Review Card 7
The Progressive Movement
Progressivism flourished from 1890 until the outbreak of World War I.
The aim of Progressivism was to remedy the injustices that had resulted from America’s rapid
industrialization. They wanted to fight corruption and restore economic opportunities.
Progressives believed in using government power to correct these abuses.
Roots of Progressivism
1. Many new problems created by industrial society needed to be addressed:
Brutal working conditions
Environmental exploitation
Urban overcrowding
Extreme inequalities of wealth
Child labor
Defective, substandard consumer products
2. Reform Movements: Reform has been a continuing process in American history, based on the belief that society can be made better. Reformers try to improve society, leading to social change.
3. The legacy of the Populists: Progressives adopted many of their ideas.
4. The influence of the middle class:
Progressivism was middle class, urban, and nationwide. This was in contrast to Populism, which was
rural and had its main support in the South and West.
Progressive leaders were generally members of the professional classes: professors, lawyers, doctors, religious ministers, and writers. They were supported by the lower middle-classes: technicians, clerical workers, small business owners, and service personnel.
5. The “Social Gospel” movement: Progressives often acted out of a sense of moral responsibility based on religion. Protestant ministers of the Social Gospel movement inspired the Progressives. Churches often provided services to the poor.
6. New forms of journalism: The “Muckrakers” were reporters who gave widespread exposure to the abuses of industrial society and stimulated the desire for reform.
7. Rising consumer consciousness: Progressives believed that government intervention was needed to control the market and ensure that mass-produced goods, especially food and drugs, were safe.
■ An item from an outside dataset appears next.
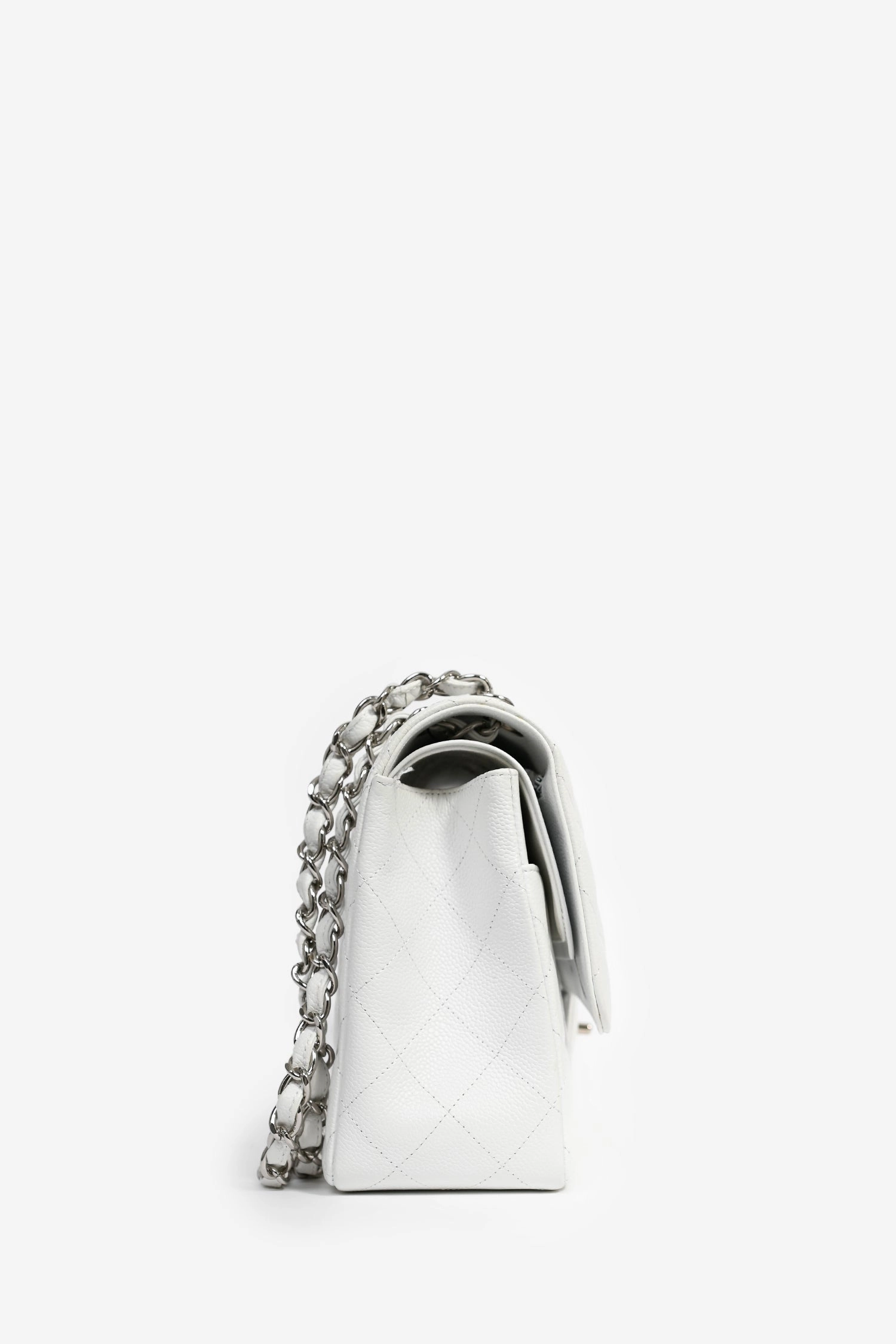 Chanel 2011 White Caviar Leather Jumbo Double Flap Shoulder Bag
8. Progressives favored the women’s suffrage movement (giving women the right to vote), social change (changes to improve society), and the regulation of Big Business. They joined reform movements (groups demanding change) and formed nongovernmental organizations (private groups) to achieve these goals.
The Early Progressives
Muckrakers published articles in magazines and newspapers exposing abuses and corruption and stimulating a public outcry for reform. For example, Ida Tarbell exposed the unfair business practices of Rockefeller in her History of the Standard Oil Company. Upton Sinclair exposed the unhealthy practices of the meat-packing industry in The Jungle.
Social reformers like Jane Addams established settlement houses for the poor, where middle class reformers lived alongside immigrants and the poor and provided them with services like education. Others formed nongovernmental organizations (associations and clubs) to promote social change, such as the National Woman Suffrage Association, the NAACP and the Anti-Defamation League.
Municipal reformers cleaned up city government by eliminating political machines and introducing new forms of local government such as by a commission or a professional city manager
Progressive Reforms in State Government
Progressives elected state governors and legislators to promote reforms. One example was Governor Napoleon Broward of Florida.
Progressive Political Reforms
Initiative: voters could directly introduce bills into
the state legislature.
Referendum: voters could repeal a law passed by
the legislature.
Recall: voters could dismiss elected officials in a
special election.
Secret ballot
Direct primary: party members voted on candidates
to represent their party in running for office.
Direct election of U.S. Senators:17th Amendment
Women’s suffrage movement: many individual states gave women the right to vote.
Progressive Social and Economic Reforms
Many state governments also passed the following:
Laws regulating conditions in urban housing
Child labor laws
Laws regulating safety and health in factories
Workers’ compensation for work-related injuries
Laws limiting the number of hours that women could work in factories
Laws conserving natural resources and wild life: in Florida, their actions later led to protection of the Everglades
Laws prohibiting the sale of alcohol (Temperance Movement)
The Progressive Presidents
Theodore Roosevelt (1901–1909)
Believed the President was the steward of the people’s interests and expanded the President's powers.
His efforts were meant to give Americans a “Square Deal,” especially in natural resource conservation, control
of corporations and protection of the consumers through
government regulation of food and drugs:
• Meat Inspection Act and Pure Food and Drug Act
• Trust buster: “good” vs. “bad” trusts. He tried to break up trusts that acted against the public interest.
• 1902 Coal Strike: intervened to settle the dispute and get coal to consumers.
• Conservation: created new national parks and monuments; formed the National Conservation Commission.
William Howard Taft (1909–1913)
Continued many of Roosevelt’s policies, but was a clumsy politician and later came into conflict with Roosevelt.
Introduced 16th Amendment, making a federal tax on individual incomes possible.
Election of 1912: Republicans divided between Taft and Roosevelt’s new Progressive Party—gave Democrats the election.
Woodrow Wilson (1913–1921)
His “New Freedom” attacked the “triple wall of privilege”: banks, tariffs and trusts.
Lowered tariffs, introduced the graduated income tax, created the Federal Reserve System (1913), and strengthened antitrust legislation with the Clayton Antitrust Act.
Passed a federal law prohibiting child labor in 1916, which the Supreme Court declared unconstitutional.
Progressive Era came to an end with World War I.